The other day, in my on-going quest to find new, fresh music for my workout playlist, I found myself perusing the CD selection at my local library branch on my lunch break.
The library's CD collection is really a wonder to behold. It's dingy and dusty and it saddens me that nobody has ever really found an adequate way of storing CDs. There are those big ugly towers, but they are big and ugly and now that the 90s are over, are no longer really acceptable furniture items. There are those giant binders, but they're unwieldy and not at all ideal for a library where you want to make sure people can check them out with the case. I know people have tried doing drawers with slots for each case, but those are always jamming up, and if you have a double-disk set, well, tough luck, my friend. Tough luck.
This particular branch of the NYPL system, it seems, has also just given up on finding a decent way to shelve their CDs and settled for just jamming them in rows on the shelves right above their VHS collection. The result is a display that makes it not at all easy to browse and extremely easy to chip of break the cases.
But if you do brave the horrible shelving situation to peruse the collection, you will be in for a treat. (A very, very random assortment of treats, really.)
For the most part, you'd suspect that this collection was conceived and mostly furnished during, maybe 1999, when purchases like Jamiroquai's Synkronized and The Baha Men's Who Let the Dogs Out seemed like they might possibly become essential parts of the pop culture pantheon. Other odd choices: Today's Country Dance Hits Back to Back (various artists), 98 Degrees and Rising (98 Degrees), and many, many copies of compilation albums from Entertainment Weekly and Billboard -- Greatest Hits - 1972, Pure Disco Hits, etc.
In the end, I picked up a John Fogerty greatest hits CD, one of those Entertainment Weekly compilations, and Melissa Etheridge's Yes I Am, feeling a vague twinge of nostalgia for a brief period in the fall of seventh grade where I waited long hours by the radio, poised to hit "record" as soon as "I'm The Only One" came on the radio. (Really, a great song, especially when you're 12 and most certainly the only one who has ever endured the horrible miseries of life and unrequited love.)

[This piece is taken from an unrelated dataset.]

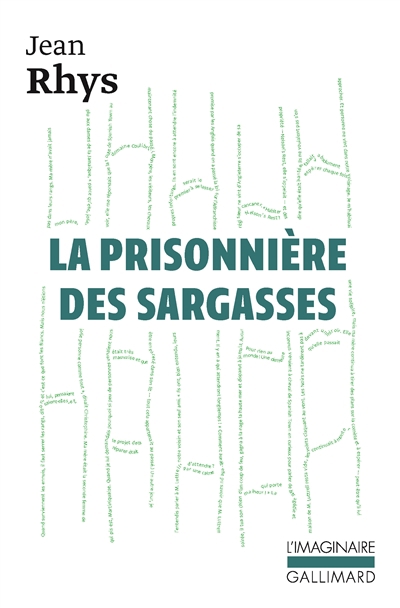 couverture : 9782070770854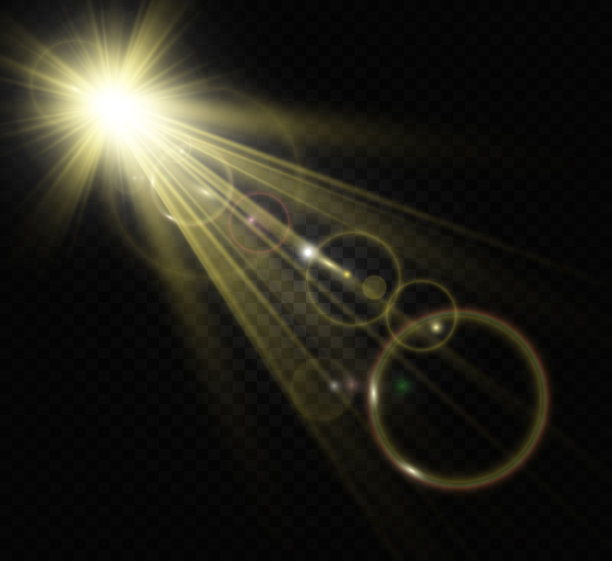 矢量图图片下载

Kids today with their playlists and itunes are really missing a great preteen experience of forming mixtape masterpieces. It's really a lost art -- trying to hit the button in time to get the maximum amount of song with the minimum amount of DJ banter, and then stopping the recording before the DJ banter/next song/commercial begins. But, whatever. Now I have "I'm The Only One" on my mp3 player too.